The first step in the process would be Ehler’s facilitating a goal-setting session with the council and Economic Development Authority that builds off of the work done by the housing subsidy task force last fall. The second step would be Ehler’s drafting a housing assistance policy that incorporates the specific policy goals identified by the council and EDA for consideration and adoption.
“I’m thrilled that we’re moving so quickly on this project, so thank you for all your hard work,” Council Member Kelly Neider said.
Council Member Amanda Darwin said the proposal will be a good investment for the city.
“I just want to say that I think this is a really smart investment for our community in making a nice, solid policy with also learning more about that inventory of our community before making decisions that affect this community long after we’re up here,” Darwin said. “While the expense is there, I think it’s a reasonable investment by a great company. I love just even this slice of their preparation, so I’m excited about it.”
Falcon Ridge request
Fry explained housing developer INH and commercial developer BJ Baas Builders are interested in developing a site at the corner of Falcon Avenue and Highway 95. INH needs to know if the council will consider an application for housing subsidy in the form of tax increment financing. Fry said, specifically, they seek support in advance of submitting their application for a TIF subsidy for a term of 26 years with 100% of the eligible increment being refunded to the developer on a pay/go basis to support their proposed 200-unit apartment complex.
Fry said the council needs to decide if it will accept an application for a housing subsidy policy in the absence of an adopted and implemented housing assistance policy.
Following the discussion, the council approved a motion that it will not entertain or accept any applications for housing subsidy until such time as a formal housing subsidy policy is adopted and implemented.
North Branch Mayor Jim Swenson said the council talked about this issue at a work session last week.

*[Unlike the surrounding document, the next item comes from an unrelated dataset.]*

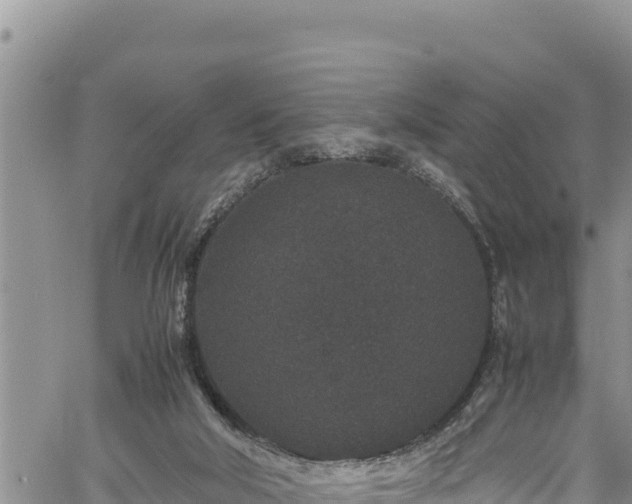 X0000061760018200512050945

“Last week we just had a brand-new development coming into our community. They asked for no assistance whatsoever,” Swenson said. “We had the presentation here two weeks ago and they gave us a deadline of until the 12th of February. I asked the question, if the businesses were coming into the community, if they were going to help to bring in these companies and if they had any promise that they were going to bring them, and they could not give me an answer yes. So to give a 26-year TIF to a developer without us finishing this report would be fiscally irresponsible of this council. We were elected by this community to make the right decision and I feel very strongly that we are. And once we get this study completed, if this company still wants to come back and visit with it again, we will definitely be open to it.”
Darwin said she would like the city to have the policy in place first.
“I do not feel that that would be fiscally responsible,” Darwin said. “I’d rather develop a policy first and then see if the project happens to fall into that policy.”
Neider said she would encourage the developer to come back to the council after the housing assistance policy is in place.
“I don’t like feeling rushed into anything and this seems just a little bit presumptuous prior to a subsidy plan in place,” Neider said. “In the event that this builder would like to move forward once that becomes part of the record, then I’d encourage him to do that. But at this time I think it’s far to premature.”
Council Member Patrick Meacham said the city needs to remain business-friendly, but the housing assistance policy needs to be in place first before the council would consider granting a TIF subsidy.
“It’s a tough one, because, I mean, we had a nice presentation and anytime that you’re talking about three apartments and a commercial building coming into town, I mean, you always want to jump on that,” Meacham said. “But not to beat a dead horse, that is a huge investment of not only land, tax dollars, and like Councilwoman Darwin said, for potentially 26 years. At this point in time, without seeing more information or a report from Ehler’s, or having a TIF policy, I would not be in favor of it.”